После того Анибал прожил еще 19 лет, уже не принимая участия ни в походах, ни в битвах. Он желал принести пользу своему Отечеству в мирном его развитии, но граждане, озлобленные честностью Анибала, изгнали его из Карфагена. Он удалился в дальние страны Востока. Римляне считали его опасным и здесь. Сначала они потребовали выдачу его у сирийского царя, а когда Анибал бежал в Вифинию, то у царя этой области. Царь уже хотел выдать несчастного скитальца, как Анибал, не желавший пережить и этот позор, принял яд на 69 году своей жизни. – Походы Александра Македонского и походы Анибала стали поучительными для древних и новых вождей всех стран и народов. Подобно всем великим полководцам, Анибал вел войну не на удачу, а обдуманно, со строгим расчетом времени и сил противника. Он умел вовремя собрать войска, вовремя их выдвинуть; двигал же быстро, но в то же время скрытно, даже хитро. Он любил появляться перед врагом внезапно, как снег на голову; любил водить его за нос. Вот почему он устраивал засады и всякие военные хитрости. И в бою Анибал действовал весьма искусно. Особенно хорошо он вводил свою конницу, всегда кстати и удачно. В последние минуты боя он вводил сразу все войска и тем наносил обессиленному врагу жестокое поражение. Одним словом, он был велик, но не всегда счастлив, тогда как Александру Македонскому счастье не изменило ни разу в его жизни.

Разрушение Иерусалима

Покончивши с ближайшими соседями, римляне начали покорять отдельные народы. Их завоевания шли быстро, прошло две, три сотни лет и Римское государство растянулось от берегов Испании до границ Индии, а в другую сторону – от берегов Англии и Немецкого моря до пустынь Африки. Оно заключало всю бывшую монархию Александра Великого, следовательно, и Святую землю – Палестину. Между всеми народами, подвластными Риму, одни евреи строго соблюдали свои древние законы и обычаи старины; лишь только они не желали водиться с язычниками, живя особняком, как у себя дома, так и в городах Сирии, Египта, где всегда их было много. За это их ненавидели римляне, греки и ближайшие соседи, сирийцы. В свою очередь, и евреи ненавидели римлян за их жадность, суровость, а пуще всего за пренебрежение к народной святыне. Император Калигула приказал поставить в храме Соломона, в Святая Святых, свою золотую статую и поклоняться ей, как божеству, а по закону Моисея, в этом месте приносилась жертва единому Богу. Лет 60 после Рождества Христа Спасителя римляне распоряжались в Палестине, как хотели. Римские правители, или прокураторы, обращались с евреями сурово, презрительно, выбивали подати без жалости.

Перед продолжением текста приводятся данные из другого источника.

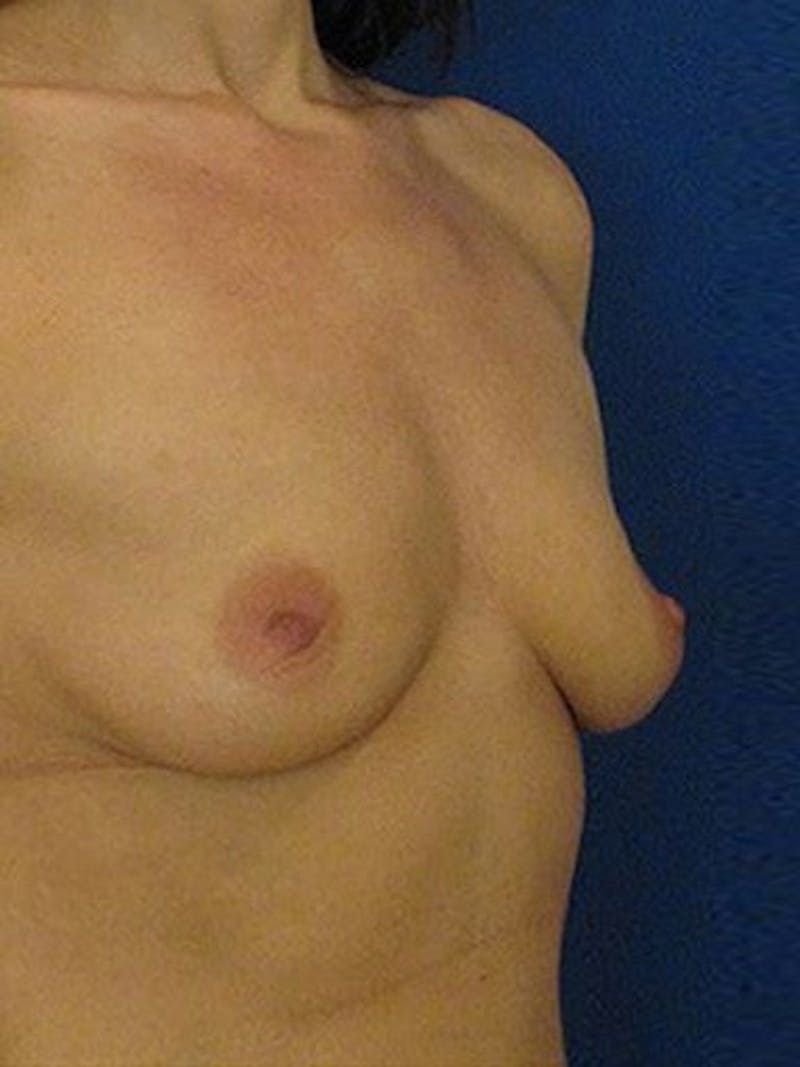 Breast Augmentation Before & After Gallery - Patient 18242327 - Image 3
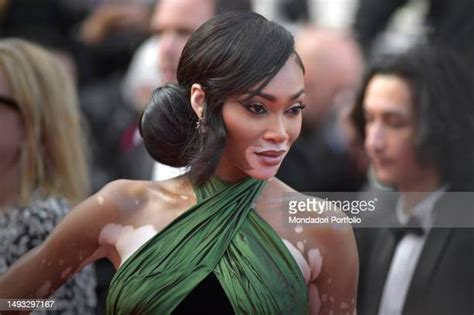 Supermodel Winnie Harlow Photos And Premium High Res Pictures Getty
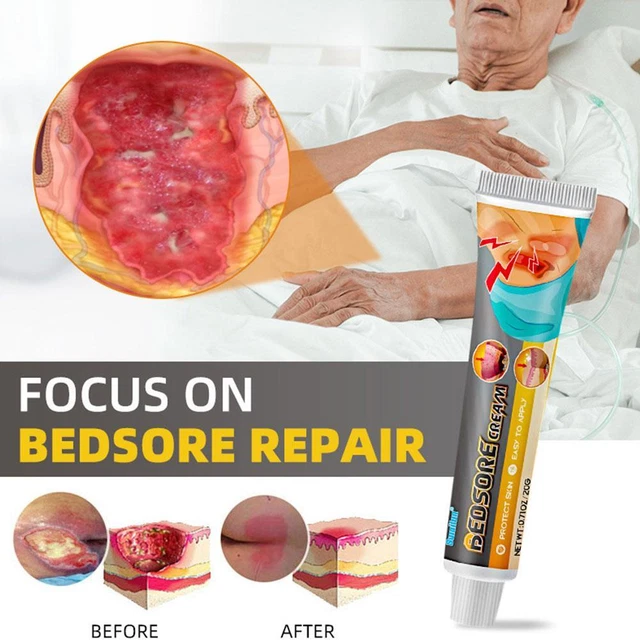 20 g Crema Dolor de cama Ungüento Ungüento Tratamiento Llagas de cama Gel de curación rápida de heridas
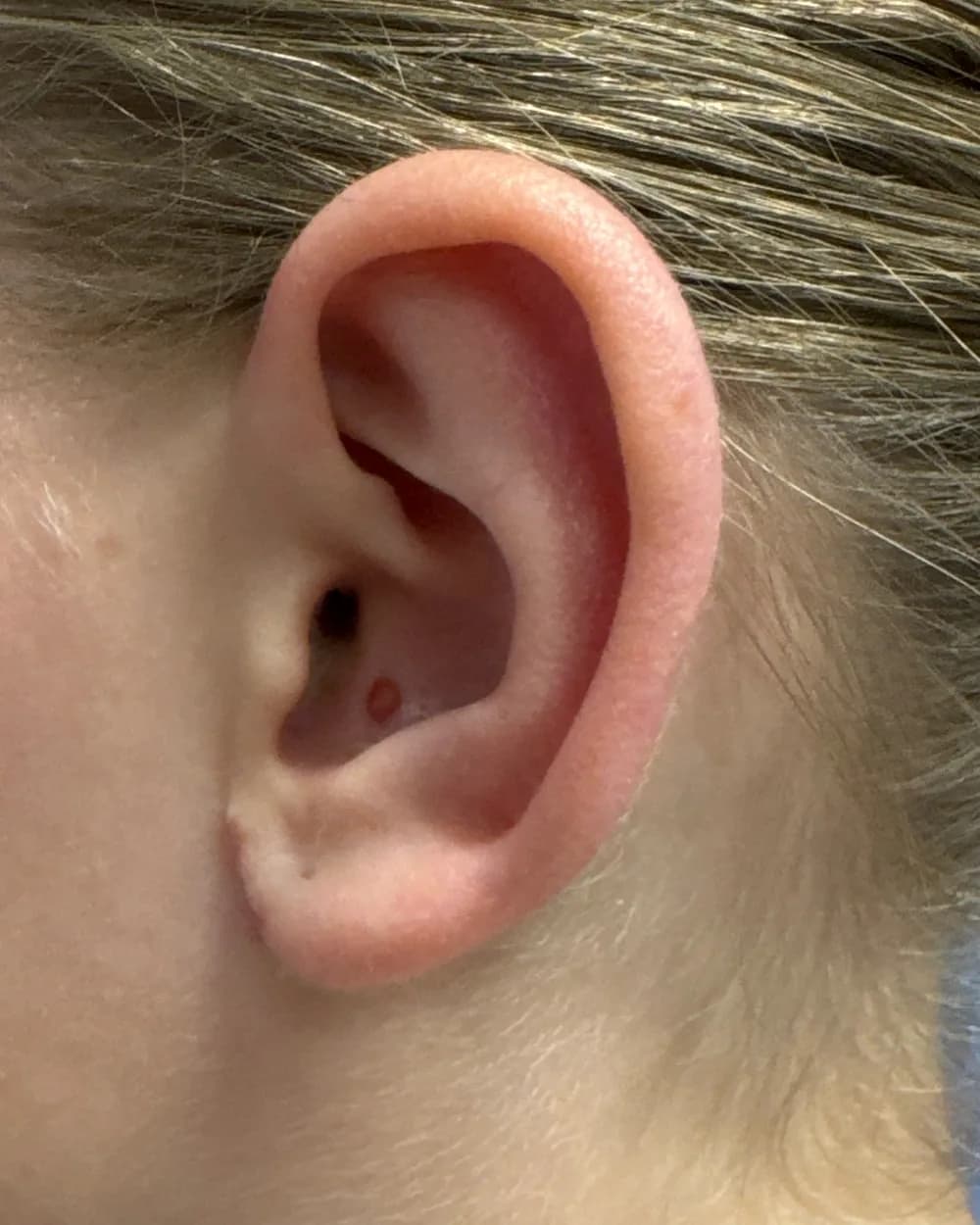 Left ear, from the side, after surgery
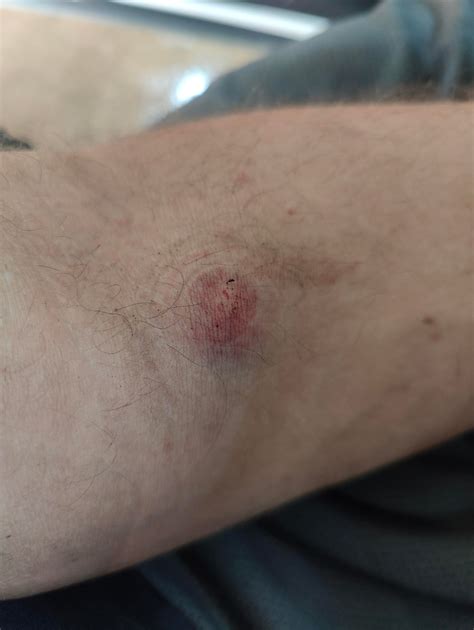 Panicking before donating? Blood pressure spike and pouring sweat. : r/Blooddonors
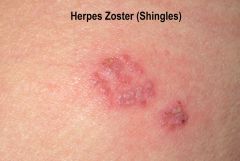 The earliest symptoms of herpes zoster, which include headache, fever, and malaise, are nonspecific, and may result in an incorrect diagnosis. These symptoms are commonly followed by sensations of burning pain, itching, hyperesthesia (oversensitiv...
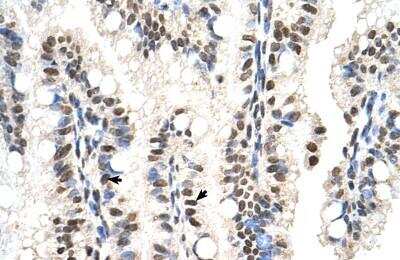 Immunohistochemistry-Paraffin: SNX29 Antibody [NBP1-79261]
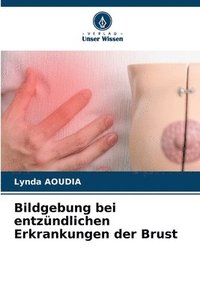 bokomslag Bildgebung bei entzndlichen Erkrankungen der Brust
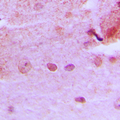 HPMS1 / PMS1 Antibody - Immunohistochemical analysis of PMS1 staining in human brain formalin fixed paraffin embedded tissue section. The section was pre-treated using heat mediated antigen retrieval with sodium citrate buffer (pH 6.0). The section was then incubated with the antibody at room temperature and detected using an HRP conjugated compact polymer system. DAB was used as the chromogen. The section was then counterstained with hematoxylin and mounted with DPX.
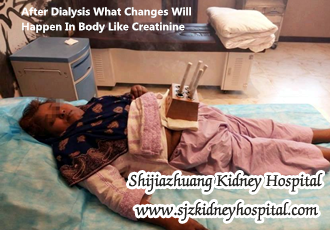 After Dialysis What Changes Will Happen In Body Like Creatinine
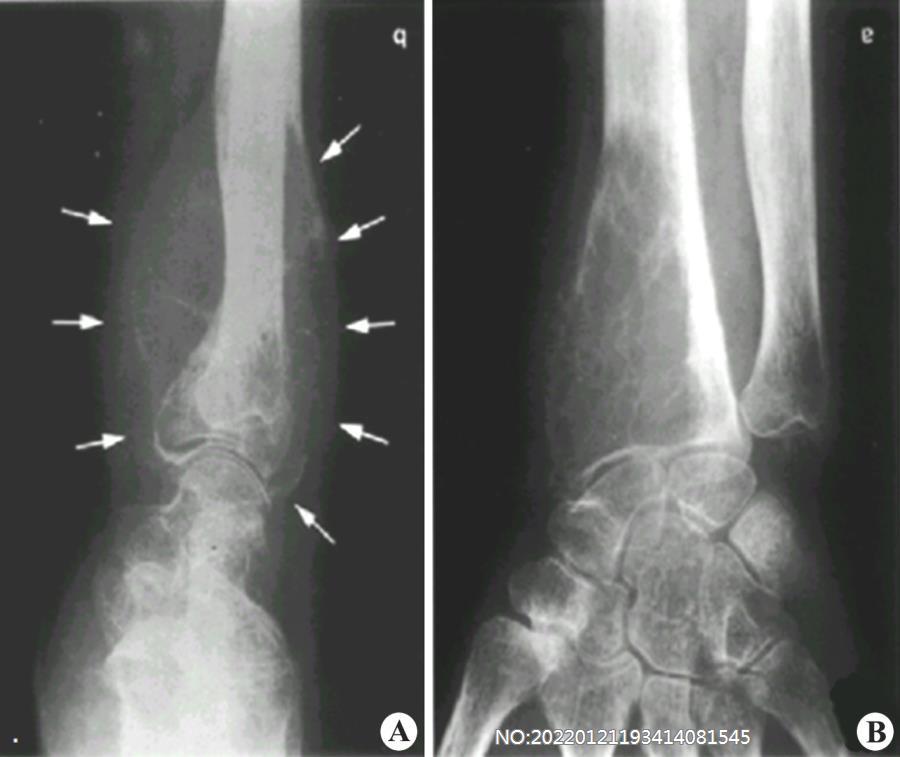 图8-201骨巨细胞瘤X线表现-生长活跃.jpg
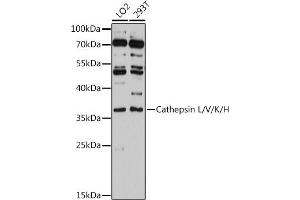 Western blot analysis of extracts of various cell lines, using Cathepsin L/V/K/H antibody (ABIN6127670, ABIN6139235, ABIN6139237 and ABIN6215636) at 1:3000 dilution. (Cathepsin L 抗体  (AA 114-333))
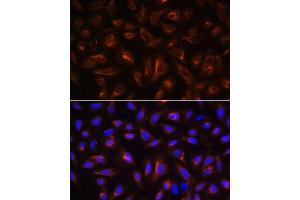Immunofluorescence analysis of U-2 OS cells using B antibody (ABIN6130859, ABIN6137109, ABIN6137110 and ABIN6220869) at dilution of 1:100. (ARL13B 抗体  (AA 1-240))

Угнетенный народ не уразумел смысла божественного писания, все ждал обещанного Мессию. Разошелся слух, что Он скоро явится, освободит евреев от римлян и поставит их превыше всех народов; тогда наступит для них новое царство. Пошли толки о чудных видениях: видели на небе хвостатые кометы и мечи, окрашенные кровью; видели в храме чудный свет и слышали среди ночи дивные голоса: «Уйдем отсюда! Уйдем отсюда!». Все эти знамения толковались по-своему теми из евреев, которые были уже готовы на смертный бой.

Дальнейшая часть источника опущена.